SEOUL -- Researchers have developed a new photoelectrode structure that is used for the production of green hydrogen which does not involve any fossil fuel during its creation process. The new structure allows the electrode to have 400 percent more efficient than current photoelectrodes.
A photoelectrode is a semiconductor that absorbs solar energy to initialize electrochemical transformations. The electrode dissociates water molecules into hydrogen and oxygen. Because the photoelectrode uses sunlight as its main energy source, the semiconductor is perfect for the production of green hydrogen which relies on renewable energy for its production.
Normally, a photoelectrode is created by embedding self-assembled nanopillars in a semiconductor film, without regarding the detailed structure of the stacked material. Such production methods lead to a lowered efficiency of electrical charge collection.

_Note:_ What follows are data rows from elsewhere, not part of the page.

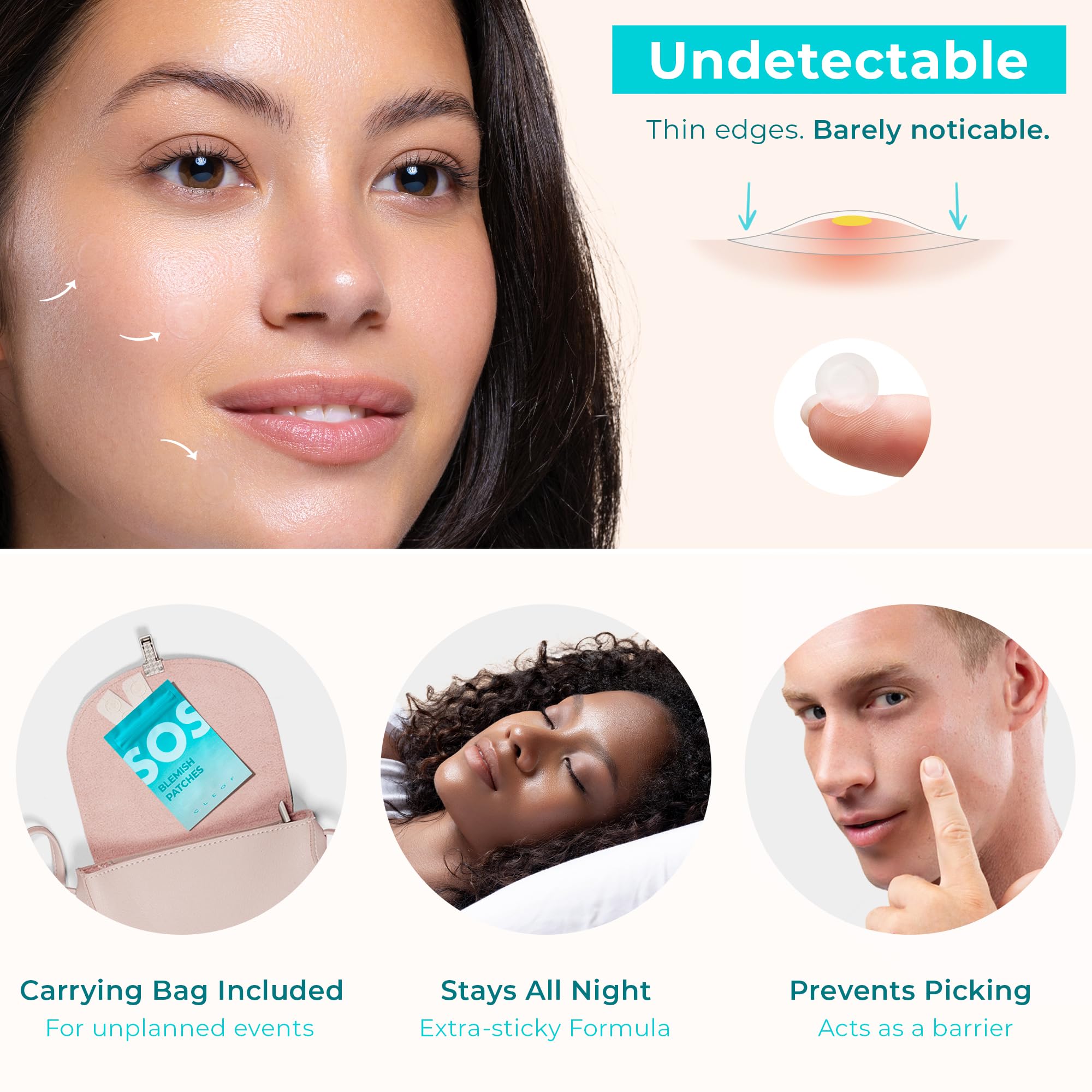 CLEOF Pimple Patches for Face & Body - Overnight Treatment - Acne Patch for Zits, Dots, Bumps, Spots, Pimples, Whiteheads - Hydr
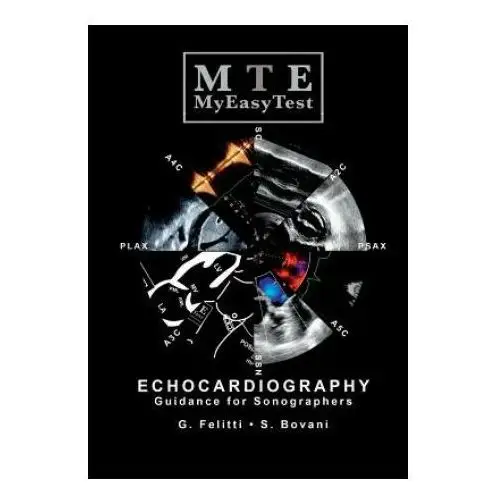 Echocardiography - MyEasyTest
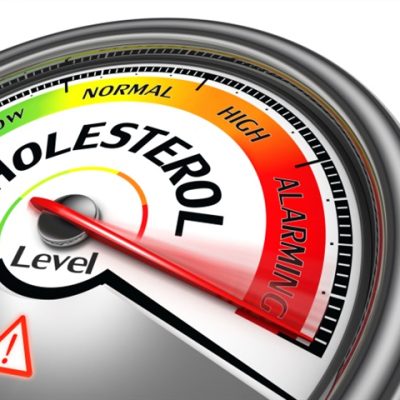cholesterol screening guidelines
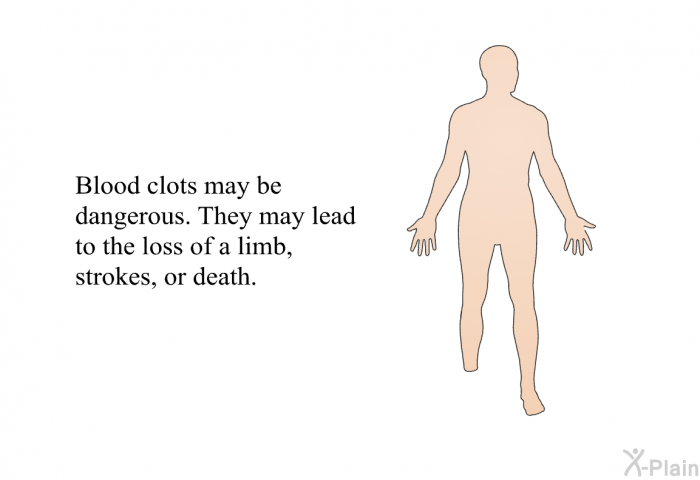 Blood clots may be dangerous. They may lead to the loss of a limb, strokes, or death.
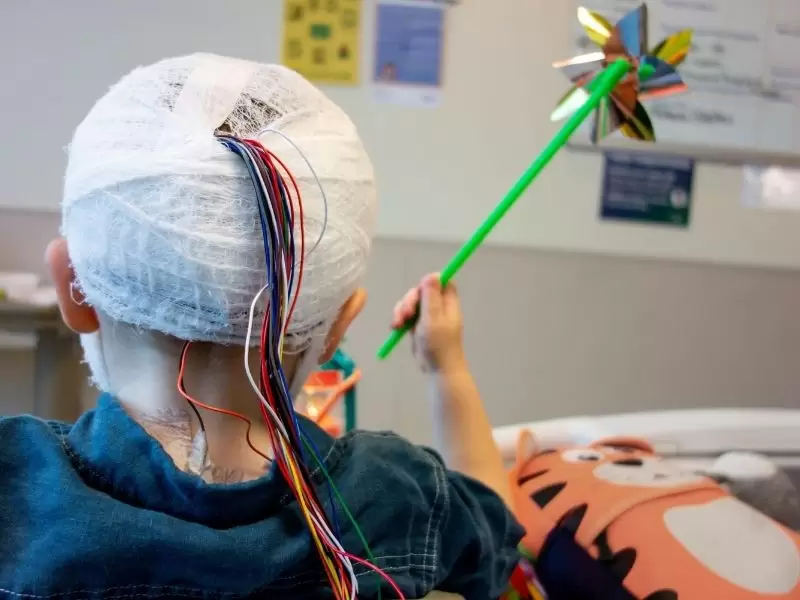 elektroensefalografi-eeg-nedir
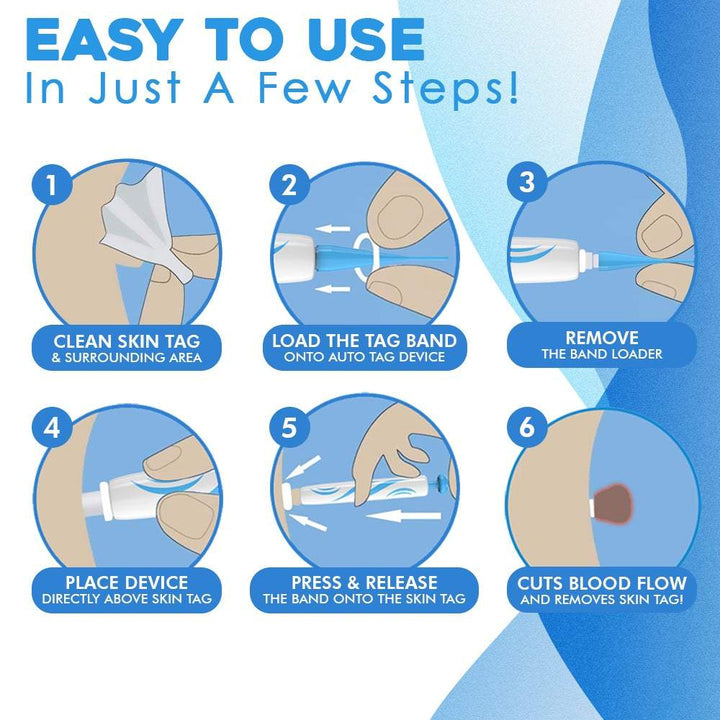 TagAway™ Sada pro pokročilé odstraňování kožních výrostků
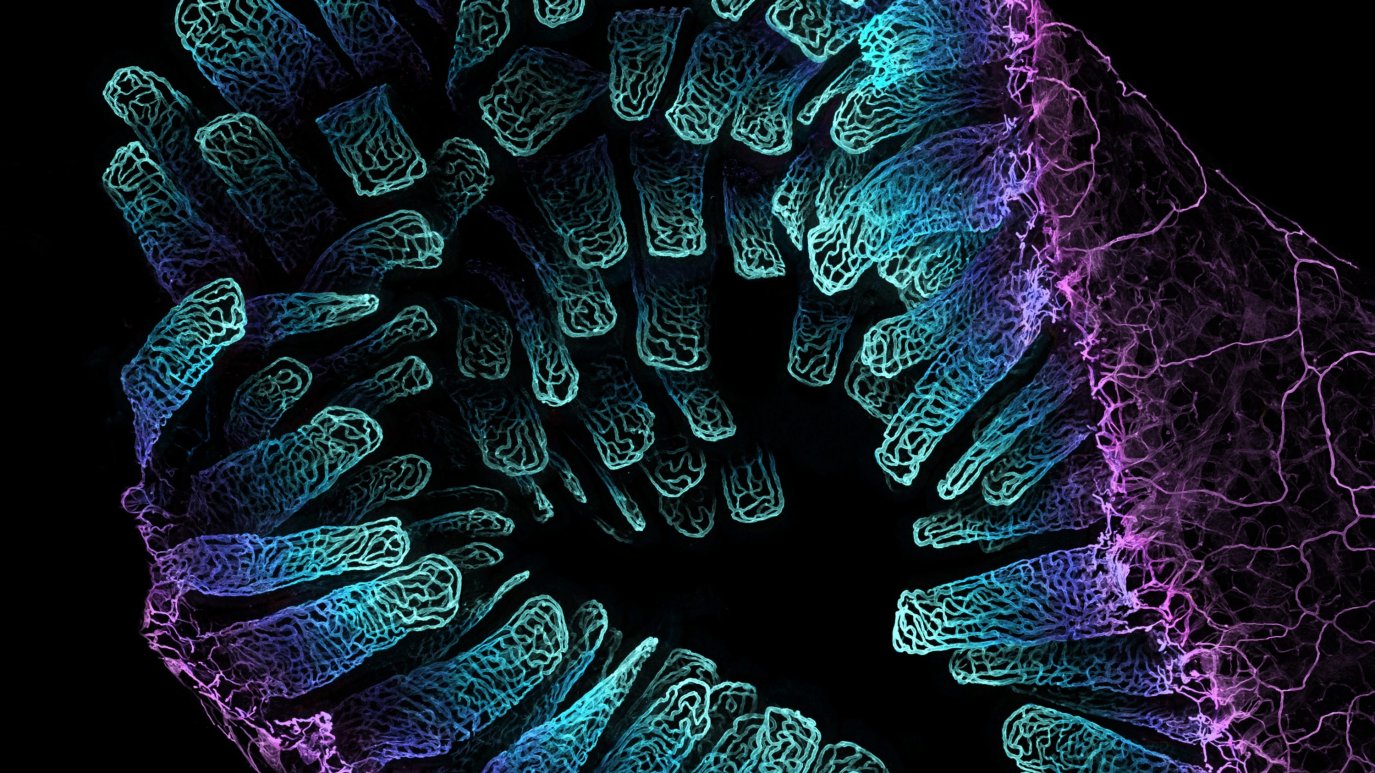 Photos Capture World of Microscopic Wonders NBC New York Photos Capture World of Microscopic Wonders NBC New York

The National Research Foundation of Korea (NRF) said that a joint team involving researchers from NRF, Ajou University, and Stanford University developed a photoelectrode with a dual-textured heterostructure. Researchers said that the new semiconductor has a more surface area used for the production of hydrogen than conventional electrodes. The larger the surface area, the more effective the electrode becomes.
"This research has a meaning as it suggested a new idea to the field of dual-textured heterostructures," Ajou University researcher Cho In-sun said in a statement on April 5. The research paper was published in Chemical Engineering Journal, an international scientific journal.